Wedding businesses seem to experience recurring cases of amnesia, at least twice annually. Regardless of the effectiveness of exhibiting in a bridal show, many companies rethink the buying decision, every time. Other business just renew for the next series of shows, without missing a beat.
Describing a Successful Wedding Show
Bridal show staff members have an impossible job. Planning the show, selling exhibitor space, developing sponsorship participation, continually improving the event, itself, with new wrinkles, and attracting solid attendance from brides, grooms, and their entourage members.
As part of their show-day duties, members of staff will circulate throughout the show floor and check in on exhibitors to make certain everything is to their liking and see if they have any immediate needs or issues. This proactive work can head off bigger problems often spoken about (for the first time) AFTER the show. Seeking brush fires and putting them out is good show management protocol.
And how’s the show going for you, so far?
When asking this question to 100 exhibitors, a show producer will get a wide variety of answers. Most responses are of little value. The value is in showing genuine concern for the perceived success at the show.
As a past exhibitor, I would bristle at the question. Particularly, if the show staffer was accompanied by a clipboard and contract for the next show (usually accompanied by a discount). My standard response was: “It’s too early to tell. Take to me 30-60 days.”
My brusque response was based on the notion that primary show accomplishments were measured by the number of appointments booked. Some businesses will book business, at the show, and that’s fine. But they are the exception.
Other than day-of-show sales, the main goals should be:
- Booking appointments
- Appointments – Utilizing email, snail mail, and telemarketing – POST SHOW – to confirm existing appointments and book new appointments
- Reinforcing company branding within the local wedding market
- Showcase new services, staff
How to Shoot Yourself in the Foot
Perhaps the most frustrating discussion a bridal show producer can have with an exhibitor who elects to participate in the next show because ‘We did so well from the last show, we thought we’d sit out and see what happens.’
The show producer will try to talk the exhibitor out of taking a sabbatical for a variety of reasons, both for the benefit of their customer (you) and themselves.
Suffering from Success
Suffering from Success is an Ebonism describe a state of overwhelm from too many inquiries or bookings. It has been my experience, both personally and by observation that suffering from success is a temporary condition, often resulting in excessive optimism.
Circumstances change quickly. Referral relationships can change overnight. People can relocate, get fired, or transfer in the blink of an eye. You can fall out of favor with a peer by your own hand or an employee gaffe. It can and does happen. Believing you are somehow immune is blue sky optimism.

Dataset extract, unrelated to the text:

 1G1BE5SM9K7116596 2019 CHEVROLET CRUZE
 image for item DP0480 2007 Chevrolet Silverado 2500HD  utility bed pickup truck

Wedding Shows are a lead source, Year Round
Virtually all show websites provide leads to their exhibitors, both from the live events and sign-ups on websites. Sadly, advertisers/exhibitors rarely take advantage of this ongoing influx of prospects. There are different ‘wedding seasons’ (as far as months when people get married), but engagements occur every month of the year.
Yes it’s true the most engagements happen Thanksgiving through New Year’s Eve’. The next largest engagement period is around Valentine’s Day. If you limit your wedding marketing activity to those time frames, you are shorting yourself.
Out of Sight, Out of Mind
In our burgeoning internet and social media world, many wedding professionals have scaled back their face-to-face wedding marketing and networking; either unwittingly or by choice. Your absence from wedding shows speaks more loudly than your presence.
Suffering from Success: Part 2
Other than becoming more efficient in handling business, there are other options at your disposal.
- Expanding your business
- Developing improved strategic alliances with friendly competitors
- Enhancing your target audience – including RAISING PRICES
The pricing test
If you are effectively sold out at the appropriate times on your calendar, then ask yourself this,
“Am I turning away any business for the stated reason of ‘being too expensive’?”
If the answer is NO… or sometimes, but I’m able to fill those dates with then next prospect, THEN, you should consider raising your prices. It’s a step to consider thoughtfully.
Any price increase, without expanding capacity, is money headed right for your bottom line.
Saturdays Sold Out through June 13th
At the next wedding show, why not declare your success by letting wedding couples and wedding professionals about how solid your company is. It will be a motivator for wedding couples and professionals.
Don’t ever sit on the sidelines to ‘see what happens’ if you don’t exhibit ‘this time’. Don’t be Passive! Proactively build on your success and direct your company to scale even greater heights.